Karpathy is bullish on everything bleeding edge, and unfortunately it kinda shows when you know the material better than he does. (source, I've been lecturing on all of it for a few years now). I'm not saying this is bad. It's great to see people who are engaging and bullish, it's better than most futurists waving their hands and going "something, something warp drive".

But when you take a step back and really ask what is going on behind the scenes, all we have is massive statistical tools performing neato tricks at statistical probability to predict patterns. There's no greater understanding or ability to learn or mimic. YET. The transformer for-instance can't easily learn complex mathematical operations. There's a google paper on "learning" multiplication and I know people working on building networks to "learn" sin/cos from scratch. But given these basic limitations and pretty much, every, single, paper, out of Apple "intelligence" crapping on the buzz. We've pretty much hit a limit beyond being the first company to allow for multi-trillion token parsing (or basic, limited, token parsing memory) for companies to capture and retrieve information.

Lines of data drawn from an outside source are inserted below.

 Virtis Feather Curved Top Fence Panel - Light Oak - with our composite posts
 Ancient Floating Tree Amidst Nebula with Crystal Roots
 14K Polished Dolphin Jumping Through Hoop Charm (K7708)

> How tf else did you honestly expect black-boxes to get built, by self-mangling machine code spit out by a sentient AI god?

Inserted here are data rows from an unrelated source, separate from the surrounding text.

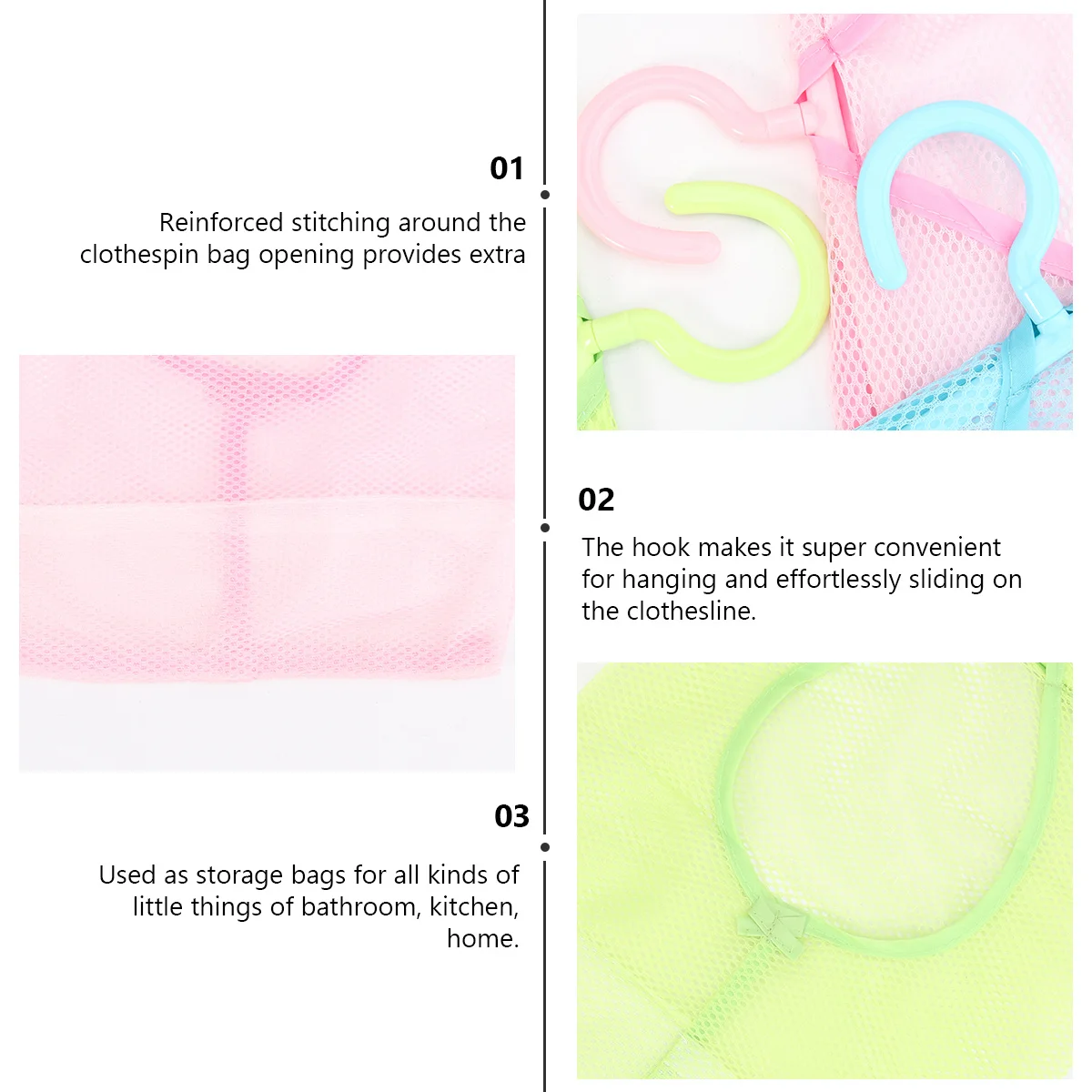 

3pcs Multifunctional Mesh Storage Bag Hanging Organizer For Bathroom Kitchen Bedroom Clothesline Pouch Clips Holder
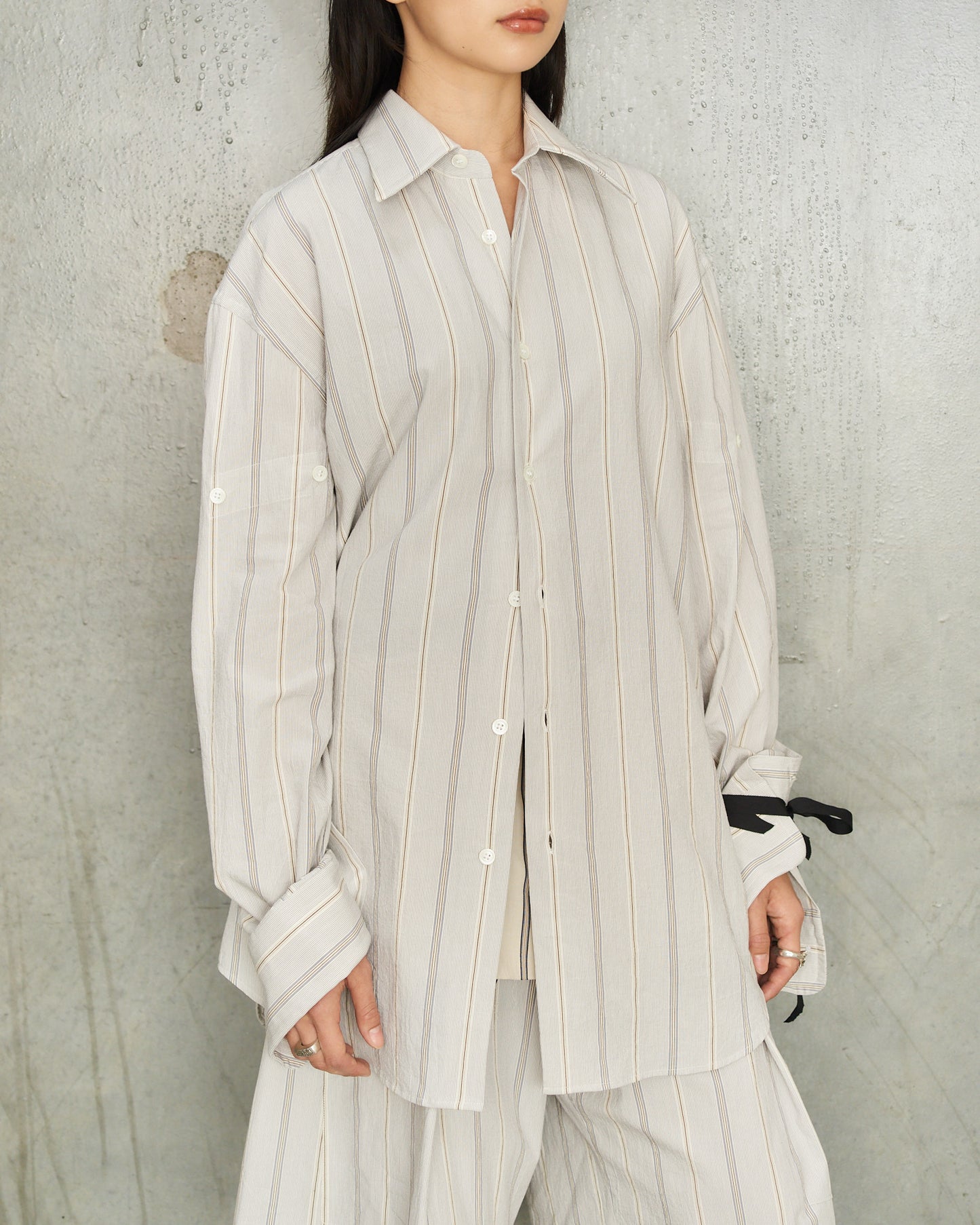 Grey Stripe Biba Fold Up Shirt
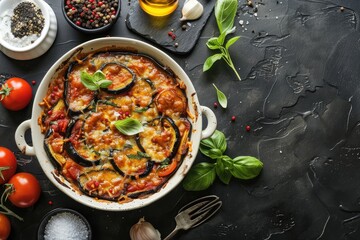 Eggplant casserole with cheese and tomato sauce in a white baking dish on a black background with ingredients for cooking. Vegetarian healthy food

I'm not quite sure why everyone seems to want the AIs to be writing typescript - that's a language designed for human capabilities, with all the associated downsides.

Why not Prolog? APL? Something with richer primitives and tighter guardrails that is intrinsically hard for humans to wrangle with.

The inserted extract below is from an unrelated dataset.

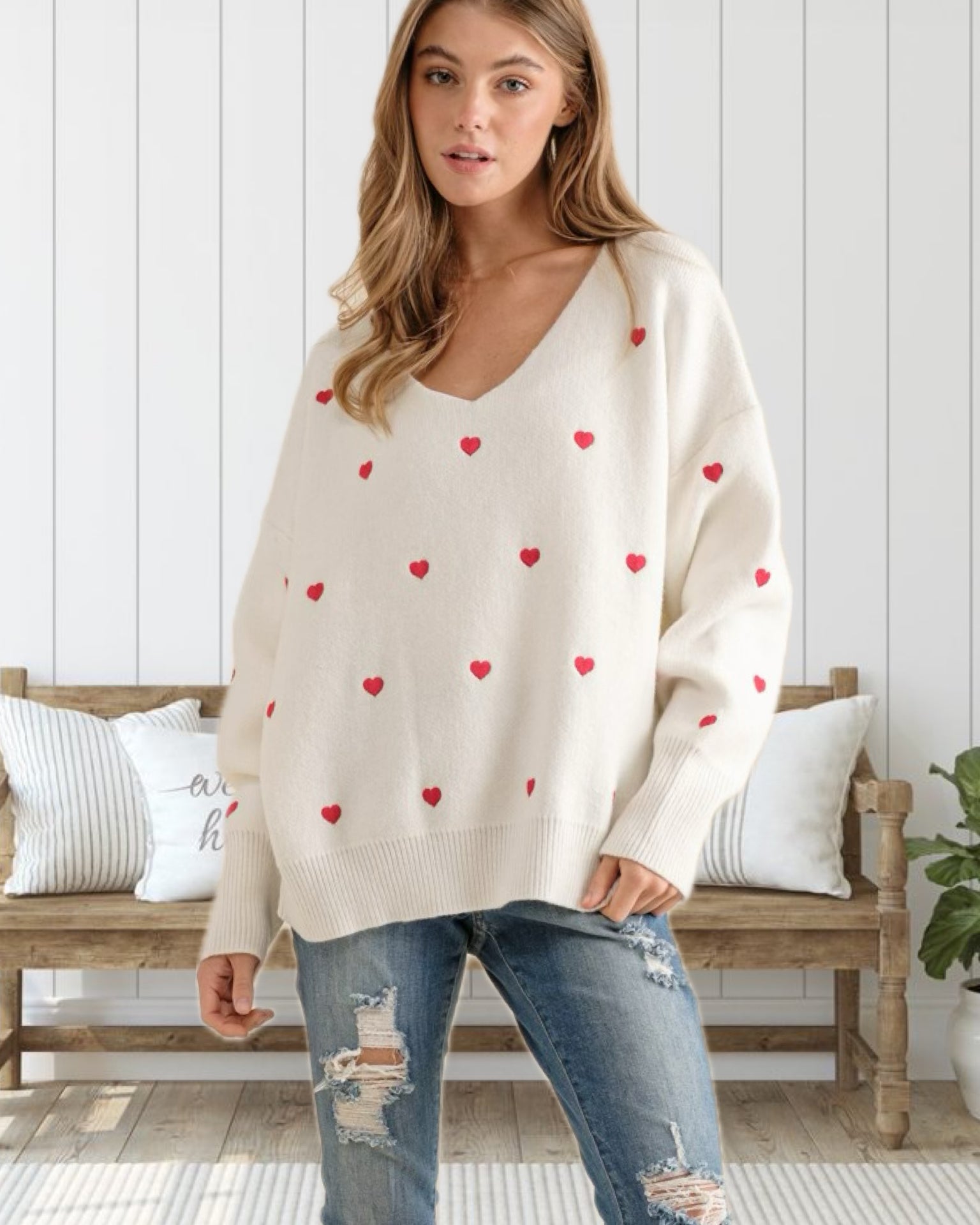 Heart to Heart Embroidered Sweater in White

I was wondering about prolog myself and turns out 1) prolog isn’t that amazing in practice (cutting is a skill I never mastered properly) and 2) unification is what type systems do, so in essence typescript et al has kinda-prolog embedded anyway - IOW our wish has always been fulfilled, we just need to squint a bit.

The computers serve us, not the other way around. They have to write in a language that humans can understand.

I get that makes people more comfortable, but if we're truly looking for a blackbox implementation of a spec, they could just as well directly emit something like JVM bytecode, and not worry about silly human needs like linters/formatters/etc

> unfortunately it kinda shows when you know the material better than he does. (source, I've been lecturing on all of it for a few years now)

That source is bearing a lot of weight.


4 years of going through the algebra of back-propagation with maths and physics undergrads, it's not that difficult :). The main challenge is combining it with stats and almost infinite dimensions of freedom which makes implementation extremely painful. hats off to the guys behind pytorch and tf for making it possible without having to rely on minuit or the promises of minuit2

Do you really think he knows that little? I mean fair enough you've been lecturing on it, but he was lecturing a decade ago, at Stanford. Then he took a little break to you know, run AI at Tesla...

> Then he took a little break to you know, run AI at Tesla...

This makes Karpathy look worse, not better.


I didn't say he knows a little, he knows a _lot_ clearly.

I just think he puts on very rose tinted glasses when looking to the future rather than seeing the problems hitting ML model design/implementation now. We had a great leap forward with Attention, it woke an entire industry up by giving them something solid to lean on. But it also highlights we should see a _lot_ more pollination of ideas between maths, sciences, stats and comp-sci rather than re-inventing the wheel in every discipline.